[Start of Attachment]
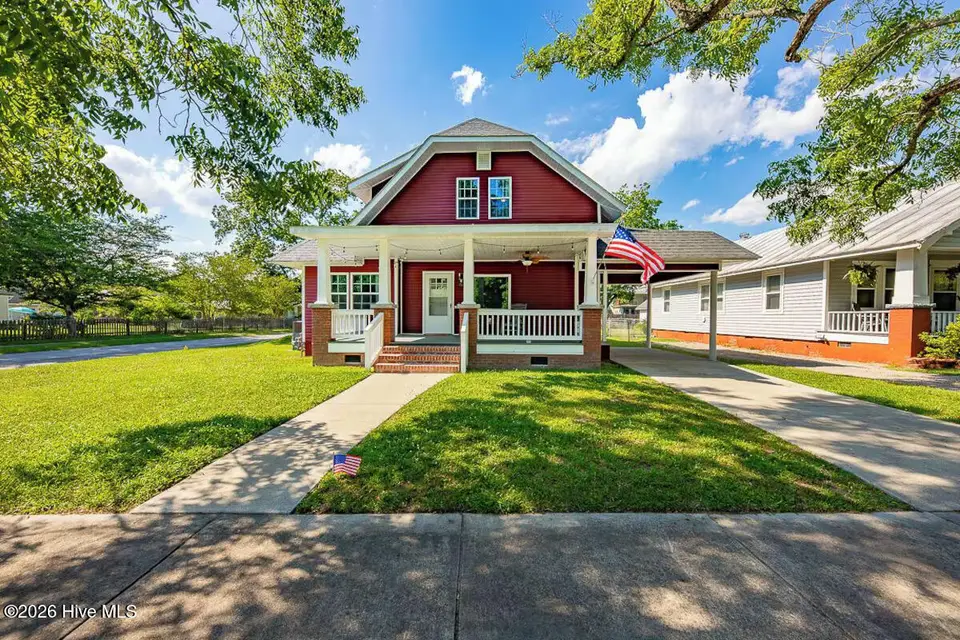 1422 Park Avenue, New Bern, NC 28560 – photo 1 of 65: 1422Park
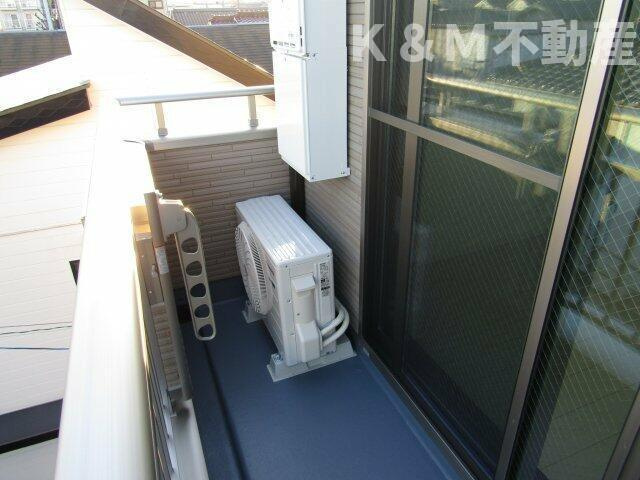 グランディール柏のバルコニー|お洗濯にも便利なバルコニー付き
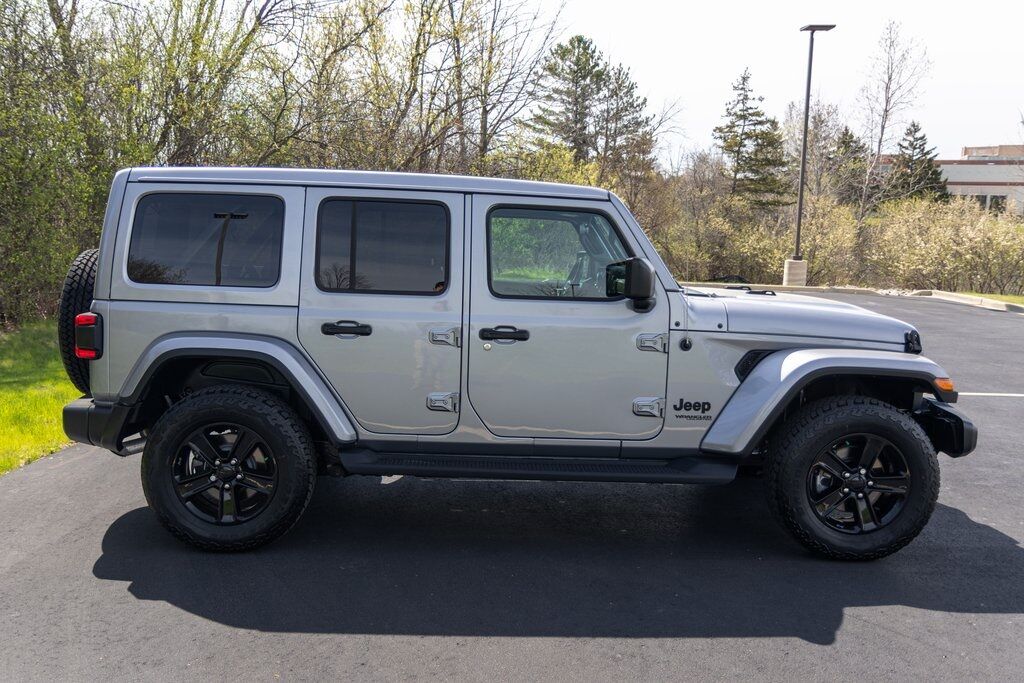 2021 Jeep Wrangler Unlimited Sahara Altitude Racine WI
[End of Attachment]
■ TASK BRIEF
Repeat the listing above in full, exactly, and omit its pictures.

■ SOLUTION TO THE EXERCISE
 1422 Park Avenue, New Bern, NC 28560 – photo 1 of 65: 1422Park
 グランディール柏のバルコニー|お洗濯にも便利なバルコニー付き
 2021 Jeep Wrangler Unlimited Sahara Altitude Racine WI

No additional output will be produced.